Sulfur is present in coal in three forms: as organic sulfur, as pyritic sulfur (FeS2), and as sulfates. Except for highly weathered or oxidized coals, the sulfates represent a negligible amount (less than 0.05%). Organic sulfur predominates in low sulfur coals, and occurs mostly as thiols, sulfides, disulfides and substituted thiophenes. G. R. Hill and L. B. Lyon, Ind. Eng. Chem. 1960, 54, 36. High sulfur coals contain significant amounts of both organic and pyritic sulfur. Pyrite often is present in the form of distinct veins and can be easily removed. For the removal of finely dispersed pyrites and organic sulfur, coal must be refined.
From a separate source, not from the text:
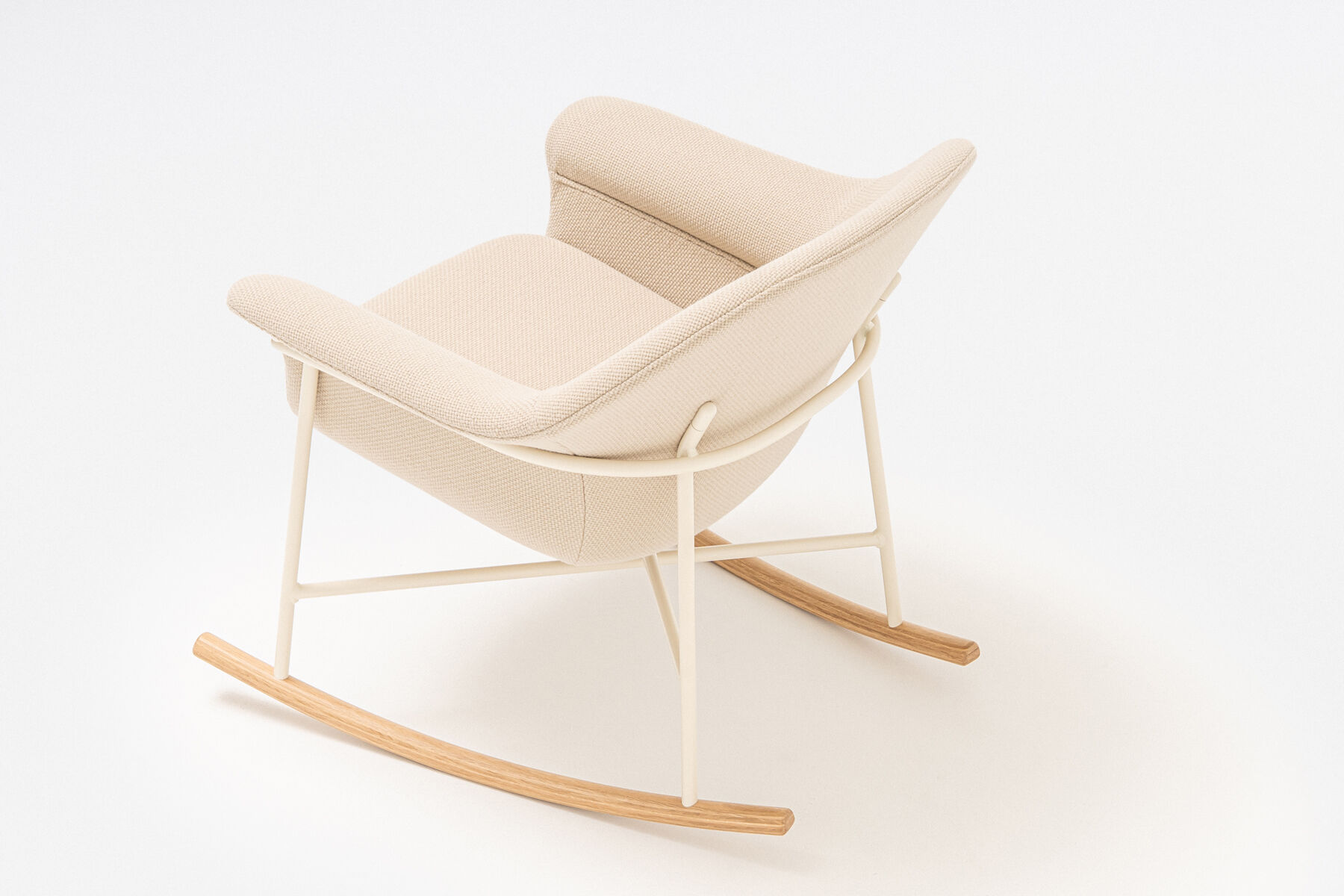 armchair rocking base Ismo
There are basically two groups of desulfurization processes to remedy atmospheric pollution on combustion of sulfur-bearing coal. One group of methods deals with the desulfurization of the combustion gases, the other with the treatment of coal prior to combustion. The latter group can be subdivided into physical (flotation, magnetic cleaning) and chemical methods. These physical methods can remove up to about 90% of the pyritic sulfur. The chemical methods are based on the oxidation or reduction of sulfur. There are several chemical methods of reducing sulfur content by treating coal at elevated temperatures with various gases such as hydrogen, nitrogen, chlorine, ozone, etc. S. Friedman, and Z. I. Warzinsky, Trans ASME, 1976, Paper No. 76-WA/APC-2. E. T. K. Huang and A. H. Pulsifier, "Coal desulfurization during gaseous treatment", ACS Symposium Series, 1977, 64, Coal Desulfurization, 290-304. R. D. Snow, Ind. Eng. Chem. 1932, 24, 903-909. J. C. Agarwal, R. A. Gilberti and P. F. Irminger, Min. Cong. J., 1975, 61, 40-43. Hydrogen, steam and air are very effective for removal of pyritic and organic sulfur from coal at temperatures of 450°-900° C. Reduction in total sulfur in coal is significant but coal undergoes oxidation (mostly CO2 is formed) and heat control in the remaining char is reduced by about 10%.
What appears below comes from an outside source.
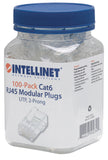 Plug modulari Cat6 RJ45 Confezione da 100 pezzi Image 3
Other chemical methods are based on the treatment of coal with liquids. Coal has been leached with molten NaOH; KOH (1 to 1 ratio). The caustic is filtered from the coal and the coal is washed with H2 O. The method is most efficient at approximately 400° C. Both pyritic and organic sulfur is removed from the coal. There is significant decrease in coal volatile matter and heating value. L. Reggel and R. Raymond, Am. Chem. Soc., Fuel Dv. Preprints, 17:(1), 44, 1972. In another method, coal is digested with a metal oxide such as calcium oxide or sodium oxide in the presence of a fused metal chloride at 400°-600° C. followed by reaction with anhydrous hydrogen chloride (U.S. Pat. No. 3,909,213). U.S. Pat. No. 4,118,200, Oct. 3, 1978, discloses desulfurizing coal in a liquid fused salt bath in the presence of chlorine at about 350°-450° C.
Crushed coal has been mixed with a 10% aqueous solution of sodium hydroxide and a small amount of calcium hydroxide. The mixture is heated under pressure to a temperature of 225°-350° C. for 30 mins. P. X. Mascinatonio, Fuel, 44, 269, 1965. About 95% of the pyrite sulfur and up to 70% of organic sulfur is removed. From 5-10% of coal is dissolved under these conditions.
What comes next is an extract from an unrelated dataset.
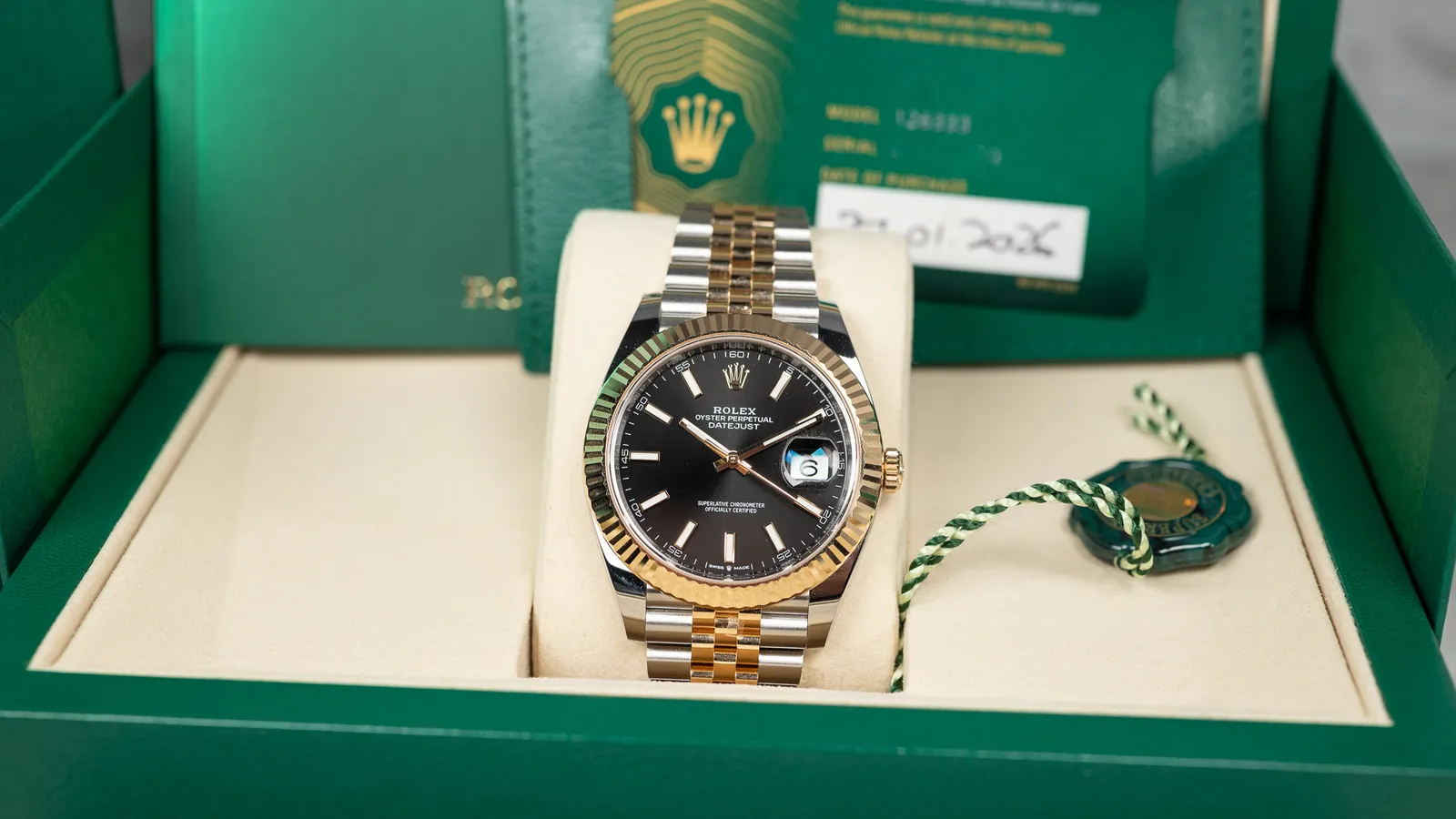 Rolex Datejust 41 126333 Price in Australia | $28k - image 2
R. A. Meyers, in a process designed to remove pyritic sulfur (see R. A. Meyers, "Coal desulfurization", M. Dekker Inc., New York and Basel, pages 108-173, 1977, and Canadian Pat. No. 969,883, June 24, 1975) treated crushed coal with a water solution of ferric ions (usually as sulfate) at a temperature of up to 100°-140° C., followed by washing with water and optionally, extraction with an organic solvent to remove free sulfur (and with p-cresol some organic sulfur also). This process results in the removal of up to 90-95% of the pyritic sulfur but in most cases does not remove the organic sulfur. Meyers' method, therefore, is suitable primarily for coals with high pyritic and low organic sulfur content.
It would be desirable to have available a relatively simple and economical way of removing both the pyritic sulfur and the organic sulfur, and lowering the ash content, at the same time.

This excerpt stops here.